Anche con il Premio Franco Solinas ci è capitato di vedere questo processo con grande chiarezza: la prima giuria assegna il premio al miglior soggetto senza sapere chi sia l’autore, poi gli autori ricevono feedback, tornano a casa, riscrivono la sceneggiatura, e questa viene valutata da una seconda giuria. In diversi casi il premio finale è andato a un autore diverso da quello selezionato nella prima fase e  questo dimostra quanto il confronto, il lavoro, l’ascolto e la riscrittura possano far crescere una storia in modo sorprendente.

Un messaggio chiaro e diretto per i giovani talenti 

Se potesse lasciare un messaggio ai ragazzi e alle ragazze che stanno per inviare la loro candidatura, cosa direbbe loro oggi, prima ancora che inizi il percorso?
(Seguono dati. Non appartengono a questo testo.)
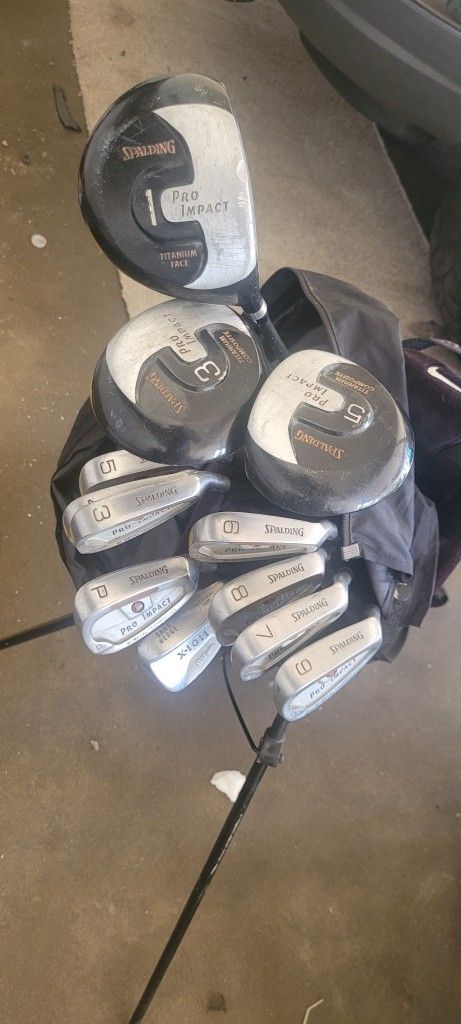 Complete Spalding Golf Club Set w/ Nike Bag – Great for Beginners!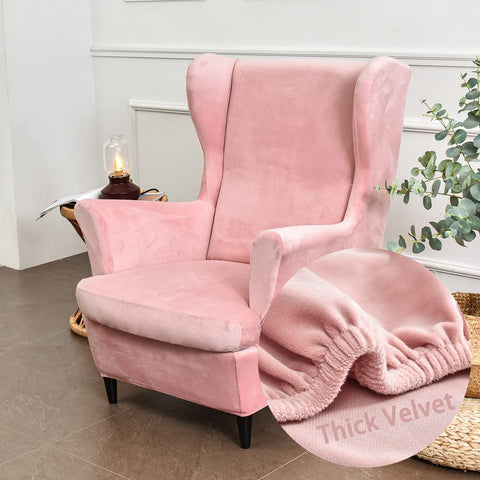 Highdi Wingback Chair Covers 2 Piece Stretch Wing Chair Slipcover, Fashion Solid color Velvet Strandmon Sofa Cover Furniture Protector for Armchair Chairs Living Room Bedroom Hotel (Pink)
Direi di affrontare questo percorso con leggerezza, entusiasmo e curiosità. Di divertirsi davvero, di giocare con se stessi e con la scrittura, seguendo la linea del piacere creativo. È importante vivere questa occasione come una vera opportunità, sapendo che dall’altra parte ci sono persone curiose, attente e desiderose di scoprire voci nuove. La giuria cerca principalmente verità, libertà e visioni personali. Per questo invito chi si candida a non mettere freni alla propria fantasia, alla propria verità, a ciò che sente bello e necessario raccontare. Scrivere è anche un atto di libertà, prendetelo come tale — e divertitevi nel farlo.